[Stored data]
::::

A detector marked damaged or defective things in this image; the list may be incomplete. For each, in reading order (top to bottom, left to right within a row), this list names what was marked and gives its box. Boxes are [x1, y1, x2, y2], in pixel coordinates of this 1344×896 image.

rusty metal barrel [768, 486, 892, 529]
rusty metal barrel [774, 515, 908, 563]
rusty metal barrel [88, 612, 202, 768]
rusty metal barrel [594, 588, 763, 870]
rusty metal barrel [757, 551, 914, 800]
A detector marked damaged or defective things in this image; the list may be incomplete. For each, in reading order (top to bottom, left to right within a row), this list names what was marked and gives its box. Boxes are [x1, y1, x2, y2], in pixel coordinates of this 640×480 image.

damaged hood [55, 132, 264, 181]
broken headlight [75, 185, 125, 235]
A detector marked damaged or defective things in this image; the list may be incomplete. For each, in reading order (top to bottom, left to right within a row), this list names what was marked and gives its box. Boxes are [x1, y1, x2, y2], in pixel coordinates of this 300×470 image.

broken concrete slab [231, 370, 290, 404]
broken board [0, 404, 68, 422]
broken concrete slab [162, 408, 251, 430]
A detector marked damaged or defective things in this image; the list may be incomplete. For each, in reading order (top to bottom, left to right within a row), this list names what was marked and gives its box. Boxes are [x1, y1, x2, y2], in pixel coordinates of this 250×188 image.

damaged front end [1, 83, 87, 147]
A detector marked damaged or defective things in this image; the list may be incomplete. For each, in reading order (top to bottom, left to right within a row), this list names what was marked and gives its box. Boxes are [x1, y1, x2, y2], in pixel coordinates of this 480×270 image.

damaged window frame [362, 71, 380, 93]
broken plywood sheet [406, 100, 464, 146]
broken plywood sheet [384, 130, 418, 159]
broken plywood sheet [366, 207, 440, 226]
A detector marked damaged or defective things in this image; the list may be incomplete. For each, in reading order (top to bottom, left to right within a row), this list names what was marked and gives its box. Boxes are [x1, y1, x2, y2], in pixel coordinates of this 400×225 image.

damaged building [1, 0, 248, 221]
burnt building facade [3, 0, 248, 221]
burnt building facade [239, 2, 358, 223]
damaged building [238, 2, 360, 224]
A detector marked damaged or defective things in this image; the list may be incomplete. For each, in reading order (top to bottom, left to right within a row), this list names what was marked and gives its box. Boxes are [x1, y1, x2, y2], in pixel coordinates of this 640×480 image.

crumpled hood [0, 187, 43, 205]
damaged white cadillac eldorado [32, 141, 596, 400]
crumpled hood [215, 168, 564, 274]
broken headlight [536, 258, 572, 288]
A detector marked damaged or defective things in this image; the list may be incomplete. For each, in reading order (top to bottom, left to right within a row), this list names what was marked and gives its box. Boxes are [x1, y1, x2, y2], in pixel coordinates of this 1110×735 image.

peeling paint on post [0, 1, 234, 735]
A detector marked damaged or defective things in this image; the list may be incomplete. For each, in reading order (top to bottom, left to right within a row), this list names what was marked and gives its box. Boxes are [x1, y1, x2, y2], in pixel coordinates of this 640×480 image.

::::

- [Work item] None of the records may be omitted or altered when they are given again.

- [Result for this exercise]
A detector marked damaged or defective things in this image; the list may be incomplete. For each, in reading order (top to bottom, left to right within a row), this list names what was marked and gives its box. Boxes are [x1, y1, x2, y2], in pixel coordinates of this 1344×896 image.

rusty metal barrel [768, 486, 892, 529]
rusty metal barrel [774, 515, 908, 563]
rusty metal barrel [88, 612, 202, 768]
rusty metal barrel [594, 588, 763, 870]
rusty metal barrel [757, 551, 914, 800]
A detector marked damaged or defective things in this image; the list may be incomplete. For each, in reading order (top to bottom, left to right within a row), this list names what was marked and gives its box. Boxes are [x1, y1, x2, y2], in pixel coordinates of this 640×480 image.

damaged hood [55, 132, 264, 181]
broken headlight [75, 185, 125, 235]
A detector marked damaged or defective things in this image; the list may be incomplete. For each, in reading order (top to bottom, left to right within a row), this list names what was marked and gives its box. Boxes are [x1, y1, x2, y2], in pixel coordinates of this 300×470 image.

broken concrete slab [231, 370, 290, 404]
broken board [0, 404, 68, 422]
broken concrete slab [162, 408, 251, 430]
A detector marked damaged or defective things in this image; the list may be incomplete. For each, in reading order (top to bottom, left to right within a row), this list names what was marked and gives its box. Boxes are [x1, y1, x2, y2], in pixel coordinates of this 250×188 image.

damaged front end [1, 83, 87, 147]
A detector marked damaged or defective things in this image; the list may be incomplete. For each, in reading order (top to bottom, left to right within a row), this list names what was marked and gives its box. Boxes are [x1, y1, x2, y2], in pixel coordinates of this 480×270 image.

damaged window frame [362, 71, 380, 93]
broken plywood sheet [406, 100, 464, 146]
broken plywood sheet [384, 130, 418, 159]
broken plywood sheet [366, 207, 440, 226]
A detector marked damaged or defective things in this image; the list may be incomplete. For each, in reading order (top to bottom, left to right within a row), this list names what was marked and gives its box. Boxes are [x1, y1, x2, y2], in pixel coordinates of this 400×225 image.

damaged building [1, 0, 248, 221]
burnt building facade [3, 0, 248, 221]
burnt building facade [239, 2, 358, 223]
damaged building [238, 2, 360, 224]
A detector marked damaged or defective things in this image; the list may be incomplete. For each, in reading order (top to bottom, left to right within a row), this list names what was marked and gives its box. Boxes are [x1, y1, x2, y2], in pixel coordinates of this 640×480 image.

crumpled hood [0, 187, 43, 205]
damaged white cadillac eldorado [32, 141, 596, 400]
crumpled hood [215, 168, 564, 274]
broken headlight [536, 258, 572, 288]
A detector marked damaged or defective things in this image; the list may be incomplete. For each, in reading order (top to bottom, left to right within a row), this list names what was marked and gives its box. Boxes are [x1, y1, x2, y2], in pixel coordinates of this 1110×735 image.

peeling paint on post [0, 1, 234, 735]
A detector marked damaged or defective things in this image; the list may be incomplete. For each, in reading order (top to bottom, left to right within a row), this list names what was marked and gives its box. Boxes are [x1, y1, x2, y2], in pixel coordinates of this 640×480 image.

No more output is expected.